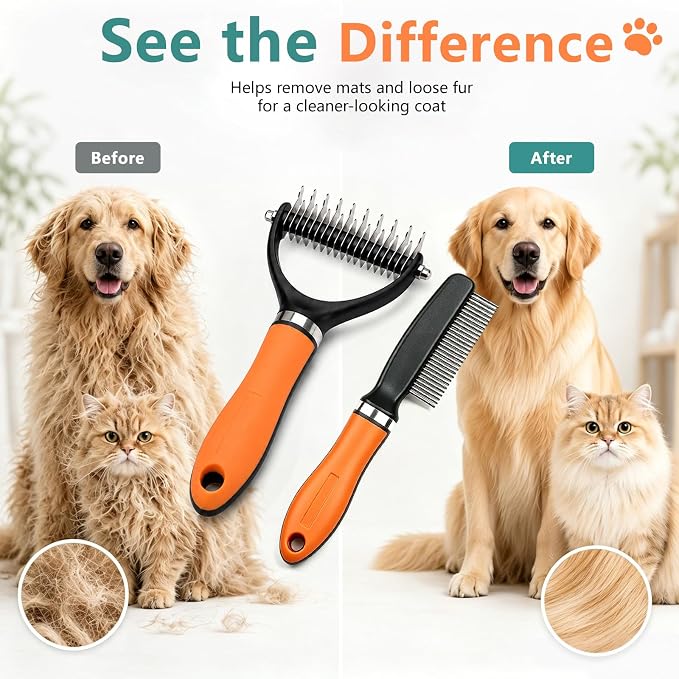 Dog Brush and Cat Deshedding Rake, Pet Grooming Tool for Shedding with Rounded Stainless Steel Teeth, Comfortable Grip for Long or Thick Coats (Orange with Comb)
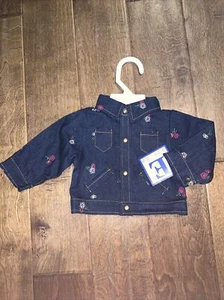 Lee Middleton Original 20"-22" Puppenkleidung Denim bestickt Jeansjacke Knopf - Bild 1 von 12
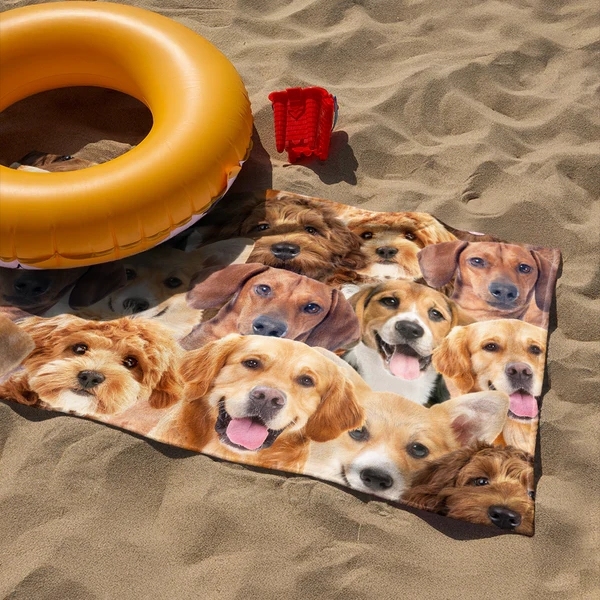 Custom Full Face Dog Cat Photo Beach Towel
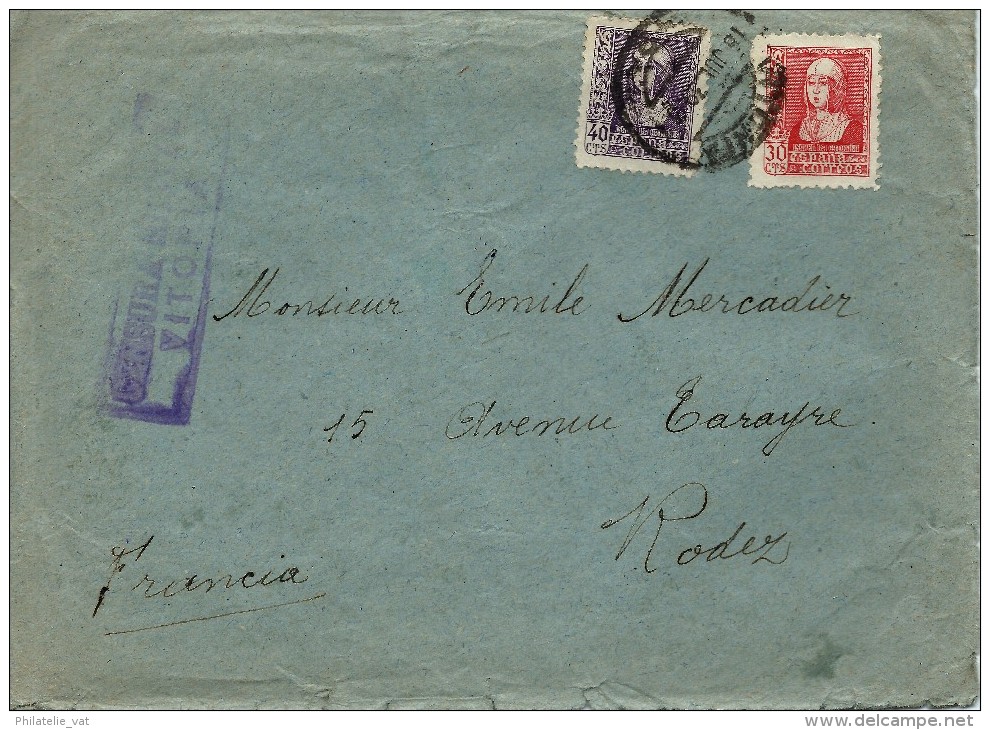 ESPAGNE LETTRE AVEC CENSURE MILITAIRE VITORIA POUR LA FRANCE 1939 . A Voir Pour étude (lot 1037) - Marcas De Censura Republicana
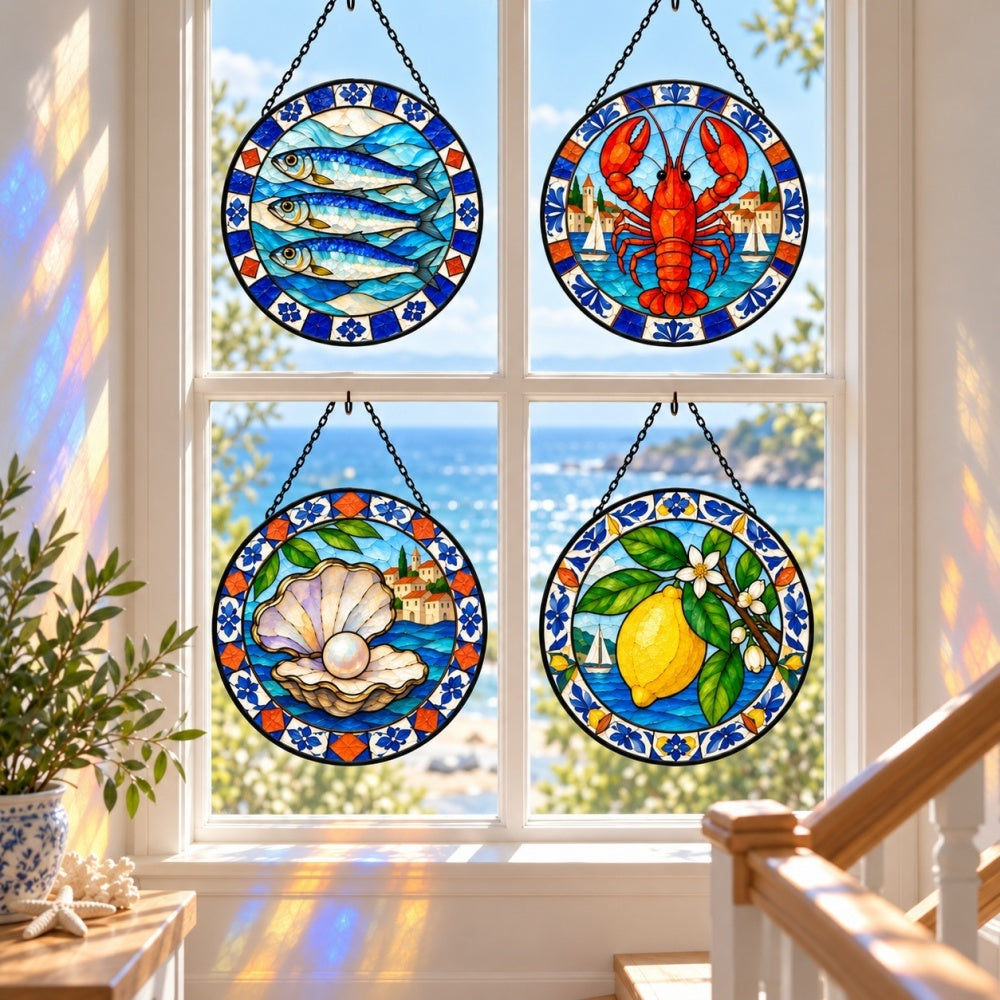 Stained Glass Suncatcher Set of 4 - Riviera Folk Seafood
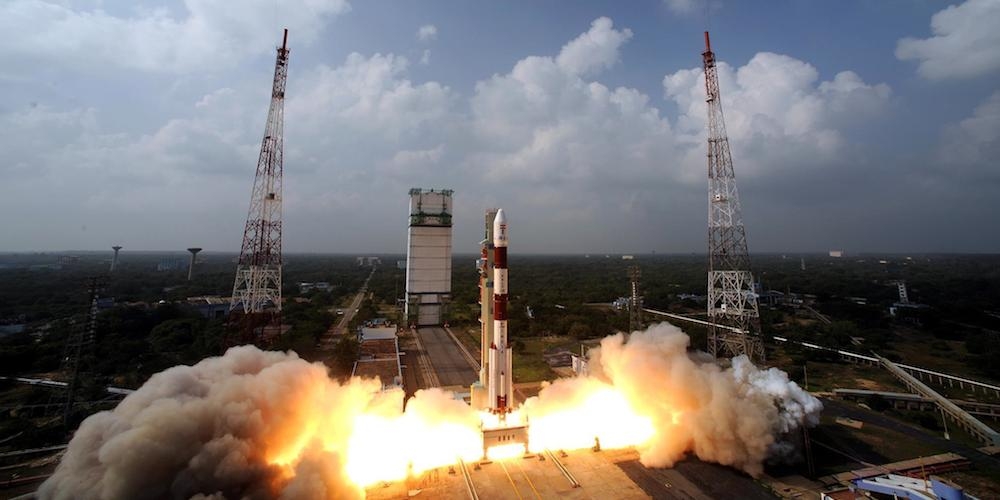 Lancering van een Indiase PSLV raket vanop het Satish Dhawan Space Centre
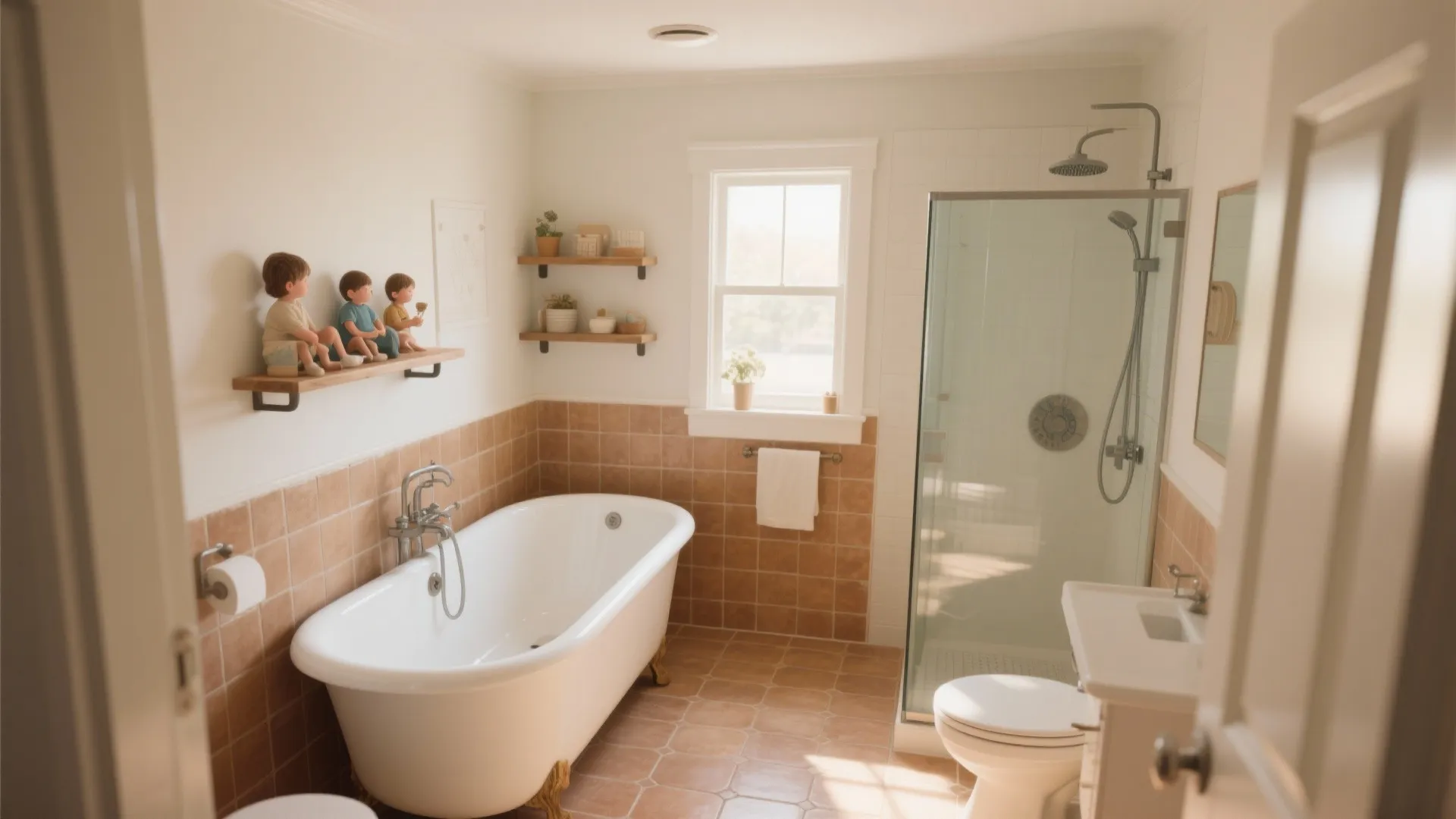 An 8x8 bathroom with a bathtub and overhead shower in bright daylight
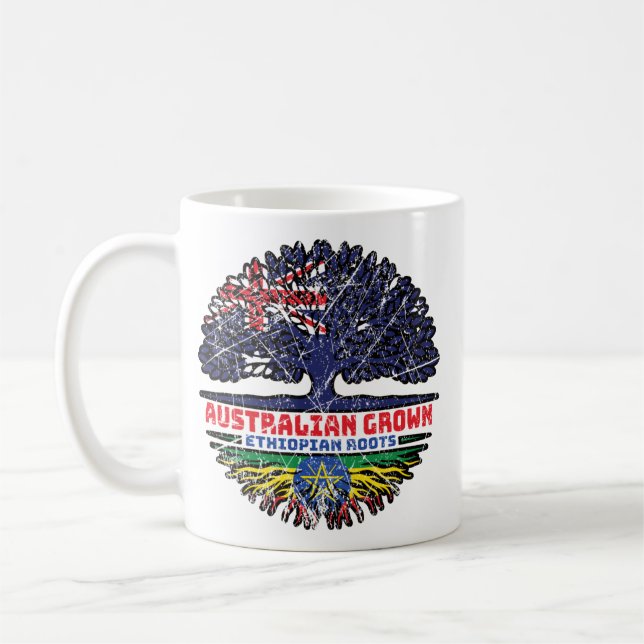 Caneca De Café Etíope Raízes de Árvores Australianas da Austrália (Esquerda)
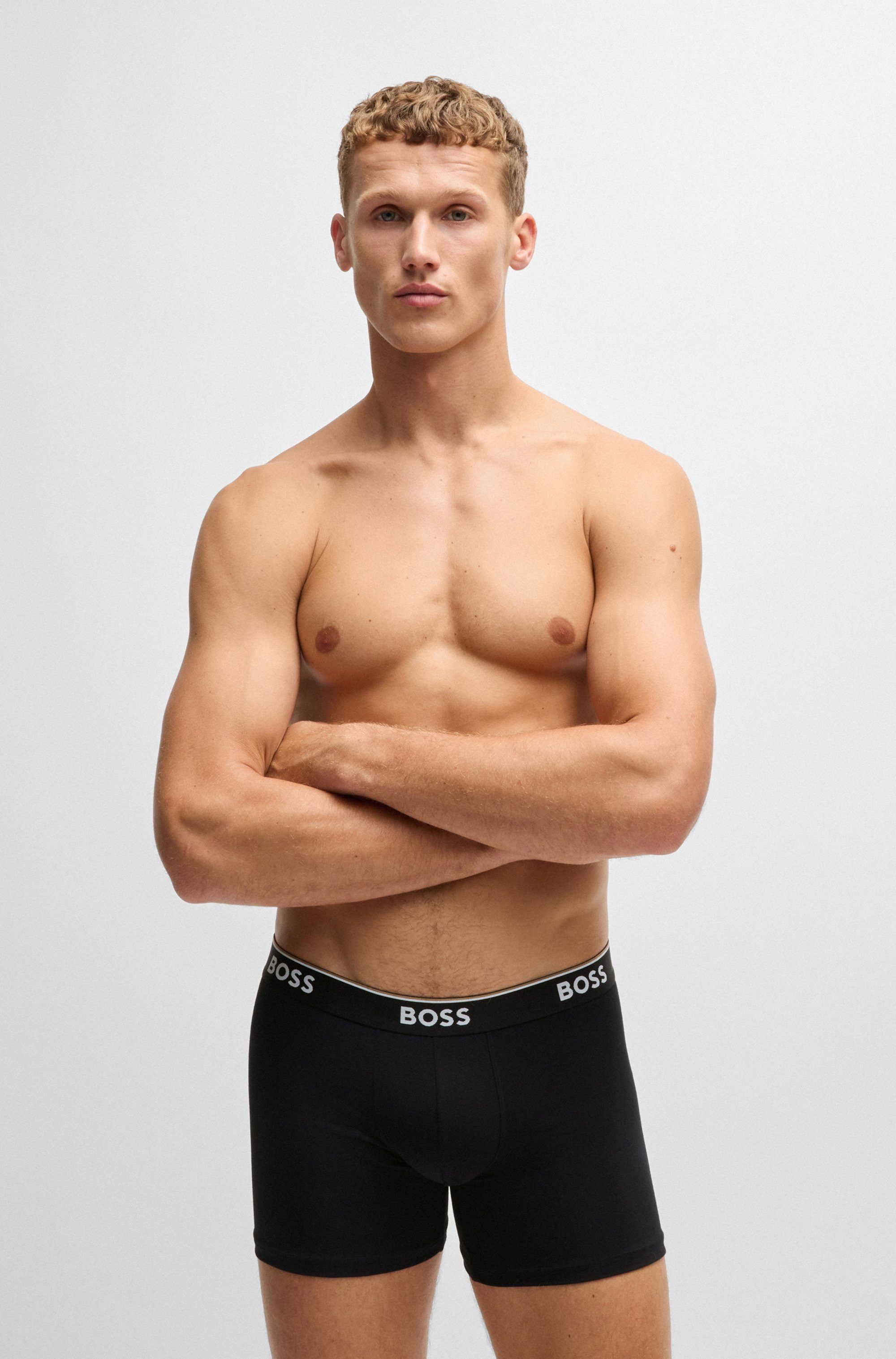 BOSS Lange boxershort BRIEF 3 PACK met in kleur bijpassende weefband (3 stuks)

• REQUIREMENT:
Each line from the one holding "Stained Glass Suncatcher" down to the end of the records is to be reproduced unaltered, and the pictures are to be omitted.

• RESULT FOR THIS TASK:
 Stained Glass Suncatcher Set of 4 - Riviera Folk Seafood
 Lancering van een Indiase PSLV raket vanop het Satish Dhawan Space Centre
 An 8x8 bathroom with a bathtub and overhead shower in bright daylight
 Caneca De Café Etíope Raízes de Árvores Australianas da Austrália (Esquerda)
 BOSS Lange boxershort BRIEF 3 PACK met in kleur bijpassende weefband (3 stuks)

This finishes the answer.